→ **Problem statement**: Copy out exactly the lines spanning the line with "Rinascimento Rinascimento Coctailkleid" to the line with "Маска расписная деревянная (19,5х9х2 см) Маска", inclusive, from the data underneath, with no pictures.

→ **The data**:
::::

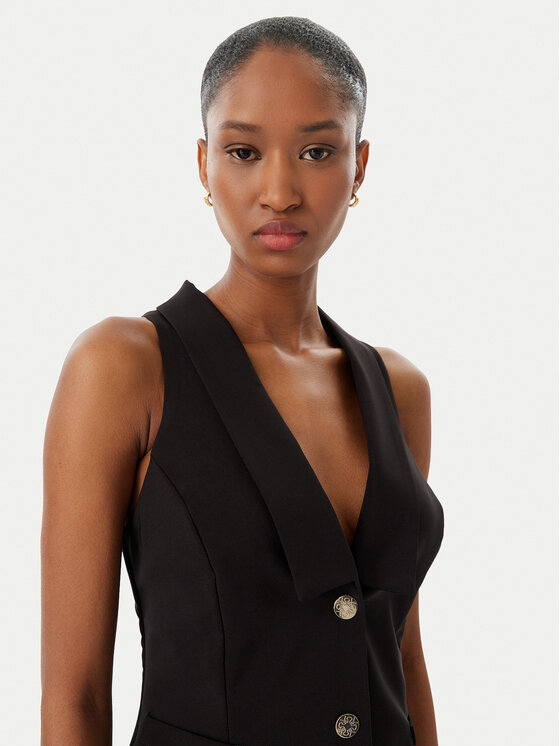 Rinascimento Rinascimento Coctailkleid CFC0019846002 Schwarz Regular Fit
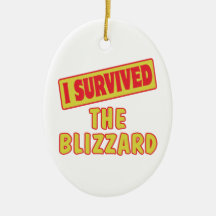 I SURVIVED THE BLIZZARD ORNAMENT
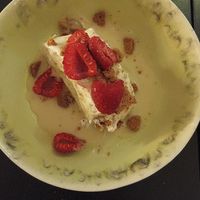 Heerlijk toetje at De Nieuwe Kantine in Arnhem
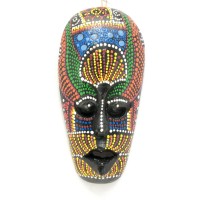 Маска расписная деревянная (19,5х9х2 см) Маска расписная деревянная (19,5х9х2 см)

::::

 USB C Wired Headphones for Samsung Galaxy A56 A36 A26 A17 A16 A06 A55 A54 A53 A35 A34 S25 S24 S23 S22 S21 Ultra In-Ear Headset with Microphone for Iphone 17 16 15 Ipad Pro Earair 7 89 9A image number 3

::::

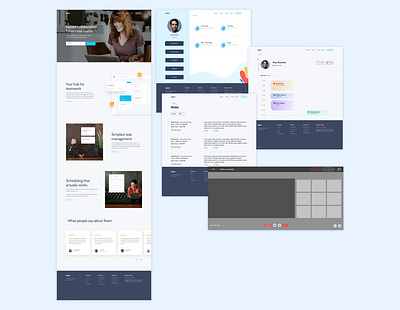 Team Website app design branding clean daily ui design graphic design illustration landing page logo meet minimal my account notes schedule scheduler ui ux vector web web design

::::

→ **Solution below**:
 Rinascimento Rinascimento Coctailkleid CFC0019846002 Schwarz Regular Fit
 I SURVIVED THE BLIZZARD ORNAMENT
 Heerlijk toetje at De Nieuwe Kantine in Arnhem
 Маска расписная деревянная (19,5х9х2 см) Маска расписная деревянная (19,5х9х2 см)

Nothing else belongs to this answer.